* **EXERCISE GOAL**
Return only the tail of the data below, word for word: the line with "Helmet Pullover Hoodie" and each line after it through the final one.
---- SOURCE RECORDS
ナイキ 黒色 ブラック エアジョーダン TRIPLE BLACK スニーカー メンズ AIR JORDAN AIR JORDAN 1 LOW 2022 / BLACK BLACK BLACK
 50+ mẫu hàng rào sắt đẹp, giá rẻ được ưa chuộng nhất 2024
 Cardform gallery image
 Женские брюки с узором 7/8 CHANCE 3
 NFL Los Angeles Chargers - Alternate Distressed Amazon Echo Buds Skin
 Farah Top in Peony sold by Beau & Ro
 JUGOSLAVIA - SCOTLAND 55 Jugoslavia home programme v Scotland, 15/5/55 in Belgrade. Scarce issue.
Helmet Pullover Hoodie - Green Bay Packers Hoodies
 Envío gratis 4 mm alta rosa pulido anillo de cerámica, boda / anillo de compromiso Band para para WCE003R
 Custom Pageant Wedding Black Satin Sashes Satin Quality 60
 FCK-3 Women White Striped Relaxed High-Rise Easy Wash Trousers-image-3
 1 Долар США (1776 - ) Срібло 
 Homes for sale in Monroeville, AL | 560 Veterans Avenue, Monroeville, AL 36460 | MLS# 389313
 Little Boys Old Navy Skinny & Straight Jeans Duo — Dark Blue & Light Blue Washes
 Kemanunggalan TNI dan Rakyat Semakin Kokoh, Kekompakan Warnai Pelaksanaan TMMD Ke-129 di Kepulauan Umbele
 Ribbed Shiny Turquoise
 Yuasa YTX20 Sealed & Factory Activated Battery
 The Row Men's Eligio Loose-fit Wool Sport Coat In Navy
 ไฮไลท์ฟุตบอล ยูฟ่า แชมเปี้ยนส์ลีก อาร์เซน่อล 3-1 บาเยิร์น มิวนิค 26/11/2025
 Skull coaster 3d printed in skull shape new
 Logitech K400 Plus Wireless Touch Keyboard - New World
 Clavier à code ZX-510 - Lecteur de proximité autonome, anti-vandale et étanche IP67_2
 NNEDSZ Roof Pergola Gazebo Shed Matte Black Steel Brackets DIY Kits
--------
* **RESPONSE AREA**
Helmet Pullover Hoodie - Green Bay Packers Hoodies
 Envío gratis 4 mm alta rosa pulido anillo de cerámica, boda / anillo de compromiso Band para para WCE003R
 Custom Pageant Wedding Black Satin Sashes Satin Quality 60
 FCK-3 Women White Striped Relaxed High-Rise Easy Wash Trousers-image-3
 1 Долар США (1776 - ) Срібло 
 Homes for sale in Monroeville, AL | 560 Veterans Avenue, Monroeville, AL 36460 | MLS# 389313
 Little Boys Old Navy Skinny & Straight Jeans Duo — Dark Blue & Light Blue Washes
 Kemanunggalan TNI dan Rakyat Semakin Kokoh, Kekompakan Warnai Pelaksanaan TMMD Ke-129 di Kepulauan Umbele
 Ribbed Shiny Turquoise
 Yuasa YTX20 Sealed & Factory Activated Battery
 The Row Men's Eligio Loose-fit Wool Sport Coat In Navy
 ไฮไลท์ฟุตบอล ยูฟ่า แชมเปี้ยนส์ลีก อาร์เซน่อล 3-1 บาเยิร์น มิวนิค 26/11/2025
 Skull coaster 3d printed in skull shape new
 Logitech K400 Plus Wireless Touch Keyboard - New World
 Clavier à code ZX-510 - Lecteur de proximité autonome, anti-vandale et étanche IP67_2
 NNEDSZ Roof Pergola Gazebo Shed Matte Black Steel Brackets DIY Kits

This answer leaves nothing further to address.